How Our Spring Boot Microservices Failed at 2AM - And What We Fixed to Achieve True High Availability

All blog posts

Kunjan Thadani

Oct 9, 2025

How we discovered that proper architecture doesn't guarantee high availability - and the configuration changes that saved us

The Problem: When Well-Designed Systems Fail

It was 2AM on a peak traffic weekend in early 2025. Our platform was humming along with over 2 lakh active users when the Slack alert lit up my phone: "Zero-day vulnerability detected - critical patch required on gateway-prod-01 immediately."

We couldn't wait for a maintenance window. Not with 3+ lakh API calls flowing through the system daily.

The truth we learned: High availability isn’t just about having redundant services, it’s about ensuring they fail over correctly and quickly under real load.

Here's the thing - our setup looked good on paper. We had about 15-20 microservices spread across four tiers, all running Spring Boot 3.x with Spring Cloud's latest release train. Our architecture ticked all the right boxes: layered design, redundant discovery services, and proper separation of concerns.

• gateway-prod-01 & gateway-prod-02: API Gateway tier handling external traffic

• infra-prod-01 & infra-prod-02: Eureka discovery services and config servers

• core-prod-01 & core-prod-02: Critical business services

• business-prod-01 & business-prod-02: Domain services, including our ML-powered recommendation engine written in Python

We had even mixed in some Python services alongside our Java microservices because, well, sometimes the right tool for the job isn't in the JVM ecosystem.

Figure 1: Our multi-tier microservices architecture with Eureka discovery services, API gateways, and business services. Red dashed lines show service discovery connections.

The confidence trap: It worked flawlessly in staging. We had proper high availability design. We believed that bringing down one discovery service instance would be fine since the other one was still running.

So we patched gateway-prod-01. And then everything fell apart.

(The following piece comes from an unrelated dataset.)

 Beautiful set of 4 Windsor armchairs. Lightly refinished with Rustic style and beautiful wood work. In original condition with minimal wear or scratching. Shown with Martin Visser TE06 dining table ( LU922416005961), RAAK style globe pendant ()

Services couldn't discover each other. Our recommendation engine took over 3 minutes to failover. Gateway-prod-02 started buckling under the load it was supposed to handle alone. User requests timed out across multiple services.

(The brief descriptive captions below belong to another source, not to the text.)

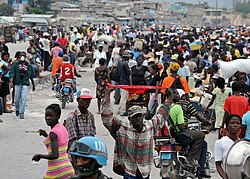 A street scene of Port-au-Princiens with a UN Peacekeeper of the Haiti mission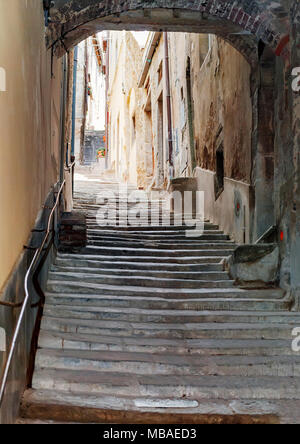 ancient staircase with an arch in the center of Cortona in Tuscany, Italy Stock Photo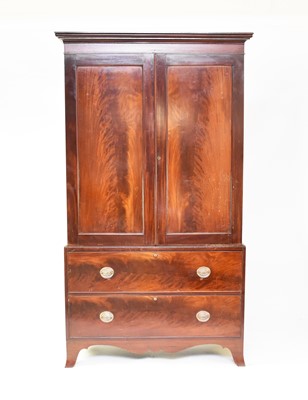 Lot 300 - An early 19th century mahogany linen press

This was our wake-up call: redundancy without coordination is just a false sense of security.

The harsh reality hit us hard: even well-architected, scalable microservices can fail catastrophically if Spring Boot's configuration defaults aren't tuned for high availability. Whether you're running on cloud infrastructure or your own servers, proper configuration is critical. We learned this the hard way at 2AM with thousands of users online.

TL;DR: How We Achieved True High Availability

The Quick Wins:

• Clustered Discovery Servers – Eureka doesn't magically cluster. Configure bidirectional replication explicitly.

• Dual Discovery Connections – Every service connects to both discovery servers. No single points of failure.

• Tuned Heartbeats – Changed defaults from 30s/90s to 8s/25s. Recovery time: 90+ seconds → 25 seconds.

• Fixed Zombie Services – Python services now deregister properly via signal handling (Spring Boot does this automatically).

• Tested Under Chaos – Staging success ≠ production resilience. Test failure scenarios under real load.

• Monitored Failover Time – Track recovery speed, not just uptime percentages.

Result: 94% faster recovery, zero unplanned outages, safe deployments during business hours.

The Five Spring Boot Configuration Pitfalls That Kill High Availability

After a few stressful hours digging through logs and testing theories, we found the configuration gaps that undermined our carefully designed architecture:

Pitfall #1: The "Clustering" Illusion

Here's what our discovery server config looked like:

# Our original configuration (core-prod-01 & core-prod-02):
eureka.client.register-with-eureka=false
eureka.client.fetch-registry=false
eureka.server.enable-self-preservation=true

We had Eureka running on both servers, so we figured they were clustering. They weren't. Turns out this is a surprisingly common mistake - teams assume that deploying discovery services on multiple servers automatically creates a cluster.

Pitfall #2: The Single Point of Discovery

Here's another mistake we made: most of our services connected to only their local discovery server.

Services on gateway-prod-01? They only talked to infra-prod-01's Eureka. Services on business-prod-01? Same thing - only infra-prod-01.

This passed every staging test we threw at it. But in production, when infra-prod-01 went down, half our services suddenly couldn't discover anything. Single point of failure, hidden in plain sight.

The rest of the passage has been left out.